Embora os sistemas não sejam exatamente iguais, a fraude está bem patente em qualquer deles. E, ao que parece, sempre com atores portugueses no elenco.
Segundo o calendário Gregoriano (o nosso), corriam os anos de 1976, 1977 e 1978, enquanto por terras do Reino de Marrocos, e segundo o calendário muçulmano, se assinalavam os correspondentes anos de 1398, 1399 e 1400. E foi, precisamente, no nosso ano de 1976 que as Construções Técnicas foram de abalada até Marrocos Oriental, para aí, a uns 40 kms da cidade de Oujda, iniciarem a construção de uma gigantesca fábrica de cimento. Era a Cimenterie de l'Oriental. Ainda hoje - e durante muitas mais décadas - quem viajar pela EN 6, entre Oujda e El Aioun, poderá admirar aqueles esbeltos edifícios fabris que, no dizer da empresa inglesa (Oscar Faber & Partners), projetistas e fiscais da construção do empreendimento, era uma relíquia "perdida" no meio do planalto desértico com vista para o médio Atlas.

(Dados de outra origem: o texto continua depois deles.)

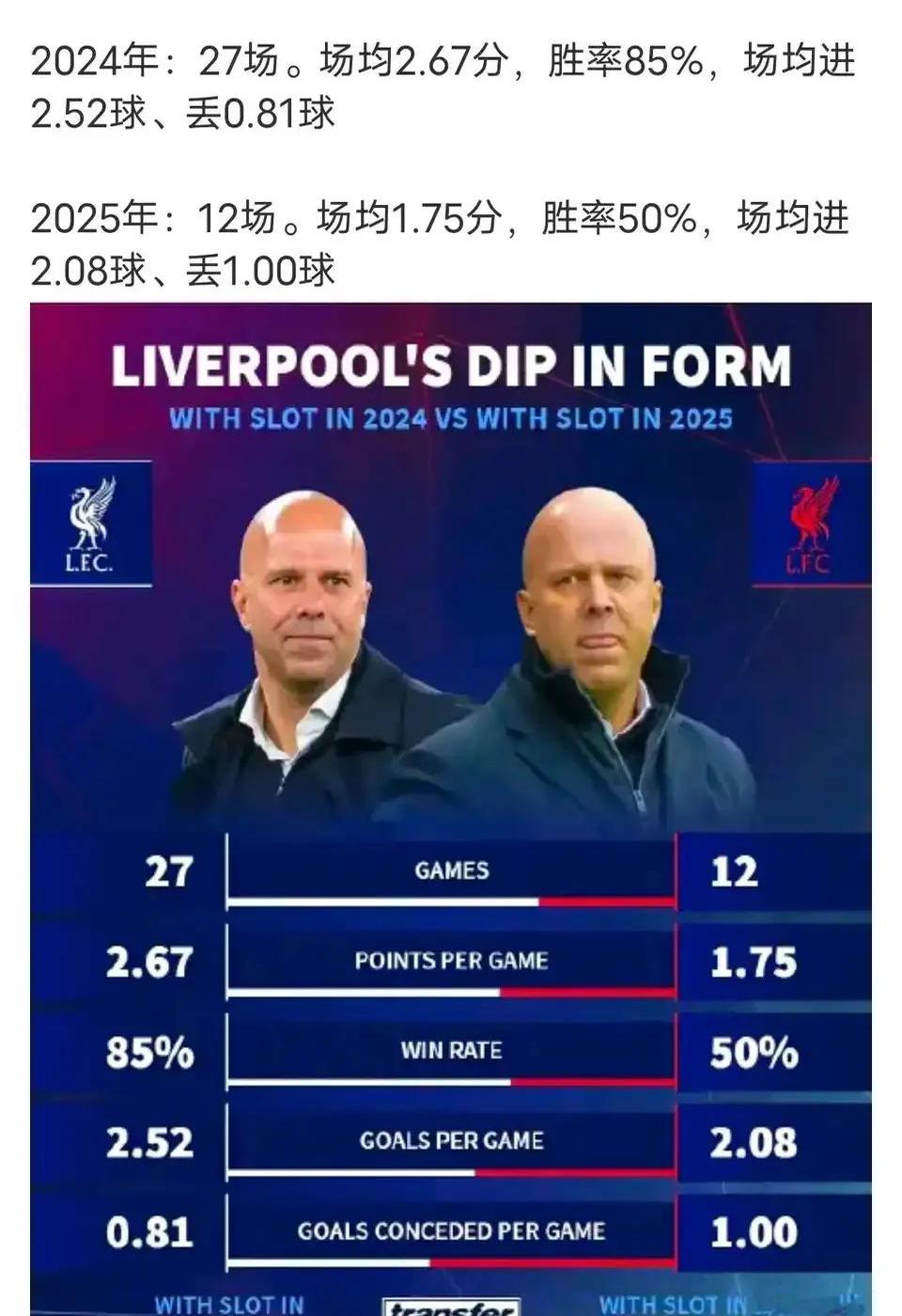 利物浦中场混乱，英超争榜压力大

O número que vou considerar, não sendo fidedigno não andará muito longe da realidade, se vos disser que neste empreendimento trabalharam cerca de 1500 pessoas, sendo que, cerca de 700 eram portuguesas. Como os portugueses eram muitos, as falcatruas e o oportunismo tinham que, de modo percentual, acompanhar o vasto lote lusitano. Então, além dos sornas, que para lá foram enviados pela Sede, depois de terem passado através das largas malhas da triagem, em que uma grande parte nunca tinha visto uma obra, nem ao longe, e passavam grande parte do tempo nas camaratas, fingindo-se doentes, também os xico-espertos dos semi-analfabetos e os de todo iletrados, vislumbraram um método que, a troco de uns 10 ou 20 dirhams, - conforme os casos - conseguiriam "tirar" a "permis de conduire".

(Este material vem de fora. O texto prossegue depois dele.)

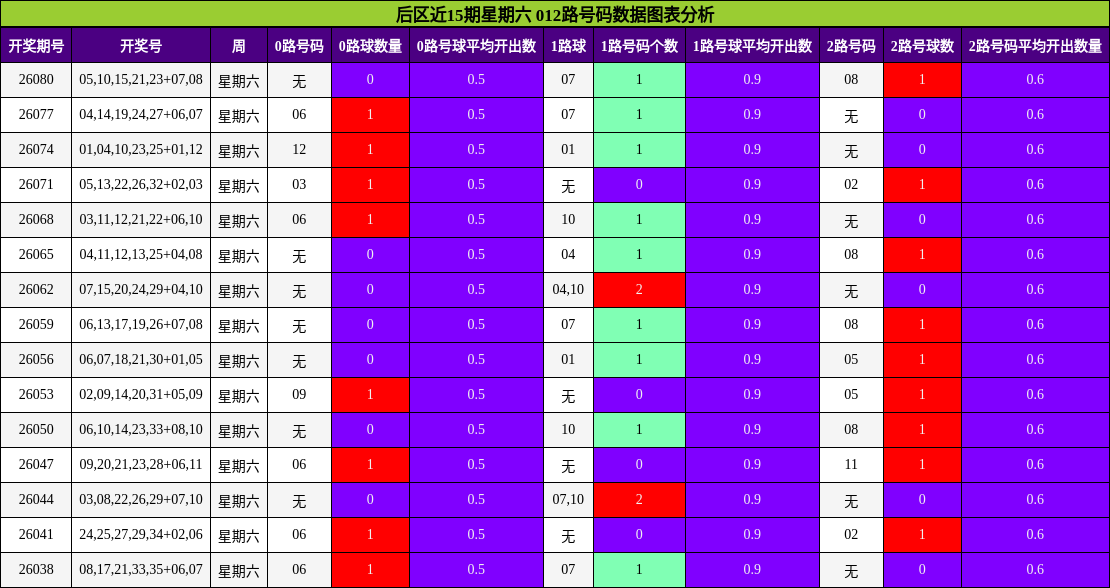 后区近15期星期六 012路号码数据图表分析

Como é que a coisa funcionava? Como ninguém sabia uma única palavra de francês - e muito menos de árabe - a resposta aos questionários orais apresentados pelas entidades marroquinas, era dada por um ou dois intérpretes portugueses, cada qual em sua sessão. Lembro-me do Vieira e do Andrade e Silva, que, além de saberem à brava do Código de Estrada, também dominavam, com à-vontade, a língua de Victor Hugo. Um deles, o Vieira, pela sua vivência em Oujda, onde, há mais de vinte e cinco anos, era empregado num armazém de materiais de construção, até escrevia e falava árabe.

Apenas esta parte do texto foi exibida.